- EXERCISE: After finding the line with "Tapis De Souris" in the entries below, retype exactly each line from there through the line with "The BEST AIR", including that final line.

- DATASET CONTENT:
==*==

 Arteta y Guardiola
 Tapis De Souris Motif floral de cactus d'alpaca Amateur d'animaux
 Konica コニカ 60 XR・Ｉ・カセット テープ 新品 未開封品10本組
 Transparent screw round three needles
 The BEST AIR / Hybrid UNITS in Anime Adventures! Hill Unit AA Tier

==*==

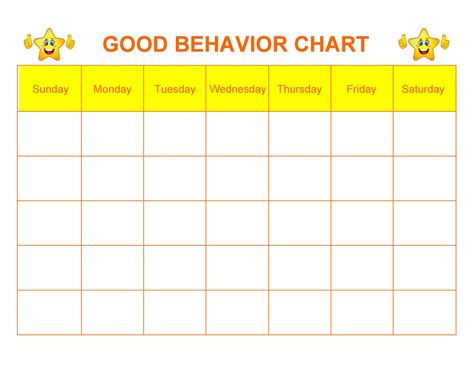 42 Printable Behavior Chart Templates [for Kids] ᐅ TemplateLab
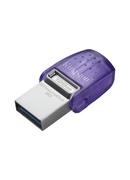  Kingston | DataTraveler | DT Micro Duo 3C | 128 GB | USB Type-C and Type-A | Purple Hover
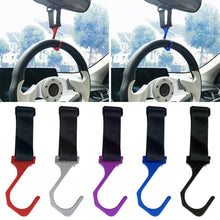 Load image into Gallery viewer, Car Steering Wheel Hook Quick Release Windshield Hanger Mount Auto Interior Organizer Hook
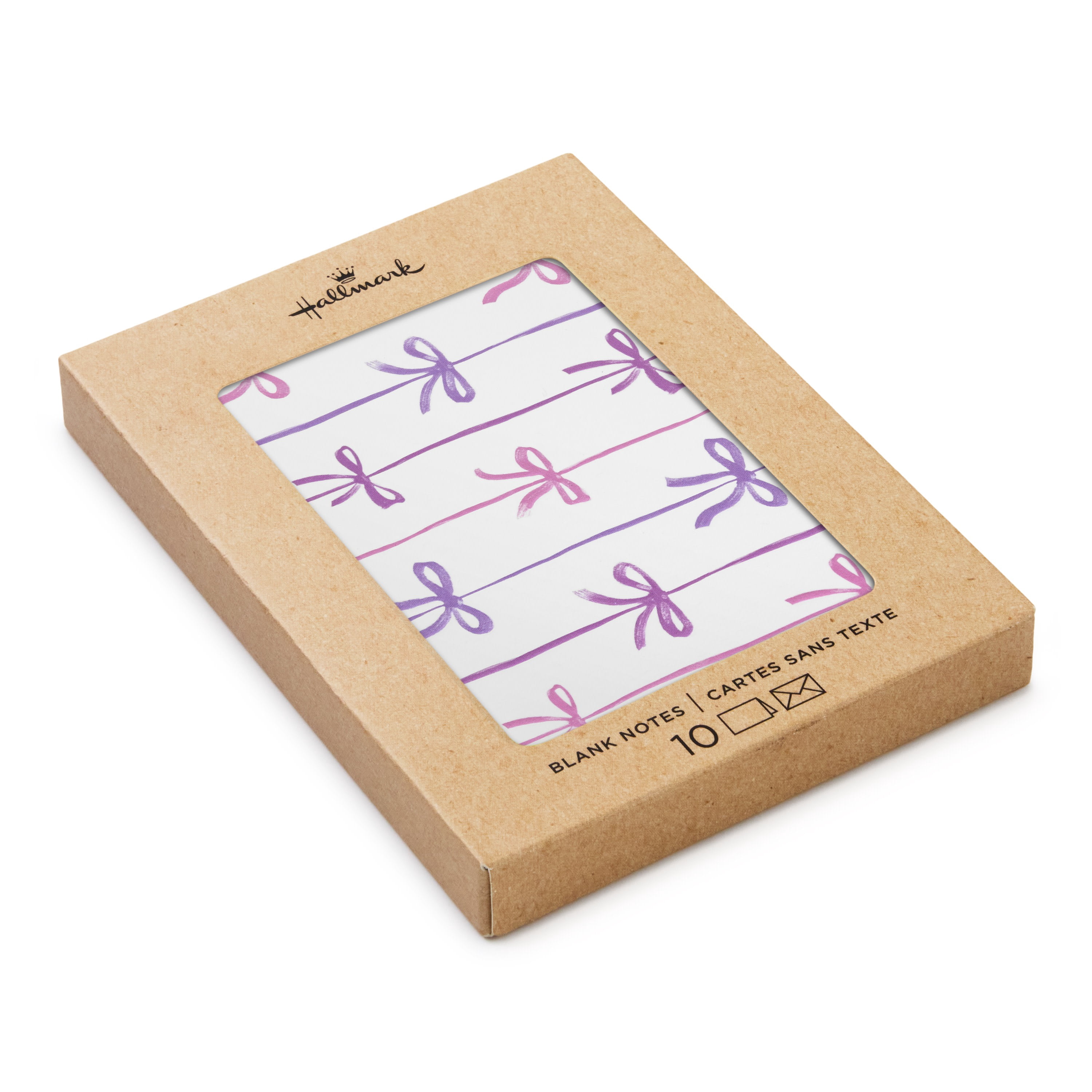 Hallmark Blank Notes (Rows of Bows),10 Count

==*==

- EXPECTED ANSWER:
 Tapis De Souris Motif floral de cactus d'alpaca Amateur d'animaux
 Konica コニカ 60 XR・Ｉ・カセット テープ 新品 未開封品10本組
 Transparent screw round three needles
 The BEST AIR / Hybrid UNITS in Anime Adventures! Hill Unit AA Tier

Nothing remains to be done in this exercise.